定時にあがって帰宅しても、しょせん一人の時間を持て余すだけ。
自宅で恋人からの連絡を今か今かと待ち侘びるより――こうして炭火と煙草臭い居酒屋で友人と過ごした方が、幾分気が紛れるというものだ。

「ザックス。俺、ハイボールね。」
「…おいカンセル。お前、俺が今日飲めねえの知っててわざとやってるだろ。」
カウンター席にいるのだから、店主の親父を呼び止めるのは簡単なことだ。
それなのにザックスを顎で使い、酒を注文させるというのは…どう考えても、現在「絶賛禁酒中」のザックスへのあてつけでしかない。

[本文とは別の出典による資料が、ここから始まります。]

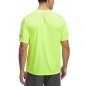 UNDER ARMOUR TECH UTILITY SS High Vis Yellow / Hydro Green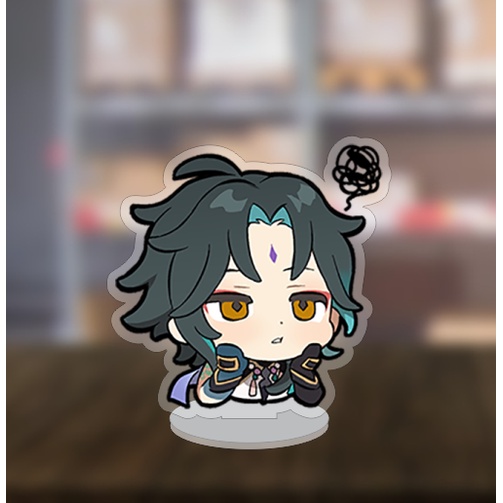 Mô hình standee Genshin Impact Chibi cute dễ thương 3cm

「察しがいいな。ざまーみろ、このヤリチン七股野郎。」
「いつの話してんだよ!クラウドと付き合ってからは、よそ見なんかしたことねーよっ!」
「当たり前のことを、偉そうに言うな。」
カンセルに少しも遠慮のない力で頭を叩かれて、大袈裟に項垂れると、二人の会話が聞こえたらしい店主の親父がケラケラと笑った。
「怒られた子犬みたいな兄ちゃん、強いの開けるか?」
「サンキューおっちゃん。でも、しばらく酒はこりごりなんだ。」
適格な比喩を口にした店主は、ザックスを慰めようと酒を勧めるが、しかしそれをやんわり断った。

「愚行を酒のせいにするのは情けないぞ。」
「…カンセル、なんか今日やけに冷たくない?」
恨めしげにカンセルを見上げると、友人はザックスの皿から、また一本焼き鳥を奪っていった。
それは俺の残しておいたぼんじりだぞ、と文句を言いたいところだったけれど、もう一発殴られたくないので我慢する。
カンセルは人畜無害で温和そうな顔をしているけれど、ザックスに対してはなかなか辛辣で手厳しい。怒らせると恐い〝隠れドS〟なのである。

しかし、カンセルの厳しさは友情故――
共感してくれる友人、甘やかしてくれる上司、慰めてくれる女友達はいても、遠慮なく怒ってくれるのはカンセルだけ。
それを心得ているからこそ、こうして今日も彼を頼っているのだ。

「当たり前だ。俺はクラウドの味方だからな。真面目で謙虚、頭の回転が速いし、努力家で、公正公平。 見た目はすげえ美人なのに、性格は控えめときた。しかも、足が細い。」
「おい。」
「それに比べてザックス、お前はただの筋肉馬鹿だ。」
「なんか雑!」
「お前は脳ミソまで筋肉だろ。――普通、自分の誕生日を忘れる馬鹿がいるか?」
二人の座るカウンターに、ハイボールと揚げたての唐揚げ、それに大粒の枝豆が並んだところで、カンセルはこれでもかという大きなため息をついてみせた。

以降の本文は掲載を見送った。